*Instructions to follow*. Your answer must be the lines from the first one in the material through the line with "Claus-Peter Reisch, captain", retyped exactly and with no pictures.

*Data shown*.
%%

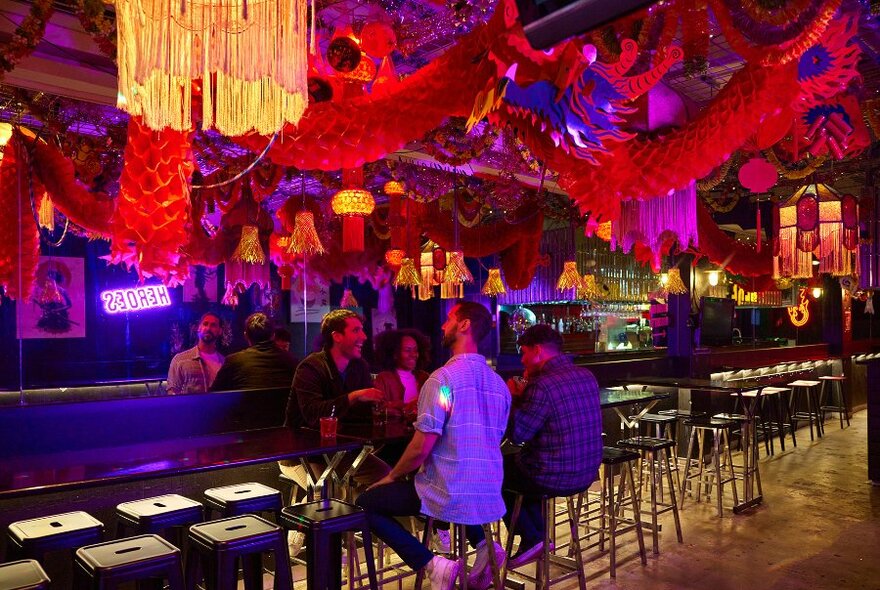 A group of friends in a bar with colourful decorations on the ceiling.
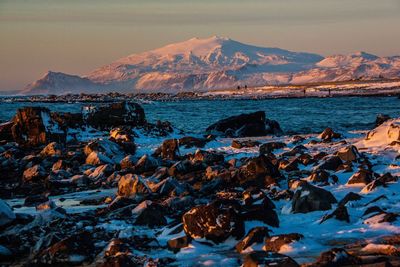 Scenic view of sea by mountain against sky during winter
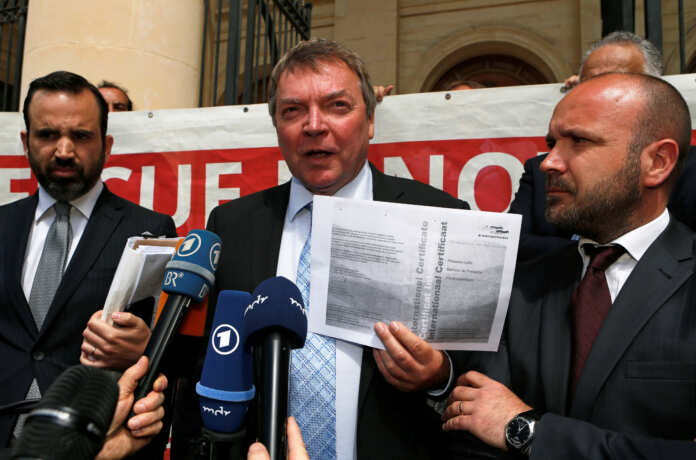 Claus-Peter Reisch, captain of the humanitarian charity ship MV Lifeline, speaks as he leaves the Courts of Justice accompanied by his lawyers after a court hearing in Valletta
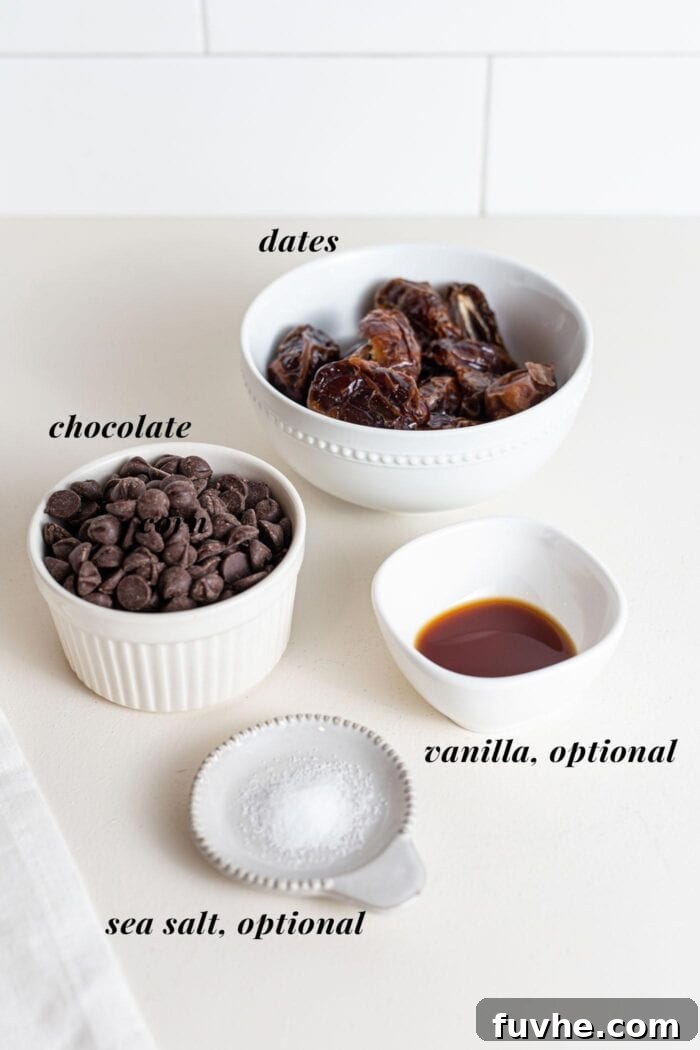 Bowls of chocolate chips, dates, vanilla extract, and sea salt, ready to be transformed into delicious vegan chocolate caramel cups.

%%

*Response*.
 A group of friends in a bar with colourful decorations on the ceiling.
 Scenic view of sea by mountain against sky during winter
 Claus-Peter Reisch, captain of the humanitarian charity ship MV Lifeline, speaks as he leaves the Courts of Justice accompanied by his lawyers after a court hearing in Valletta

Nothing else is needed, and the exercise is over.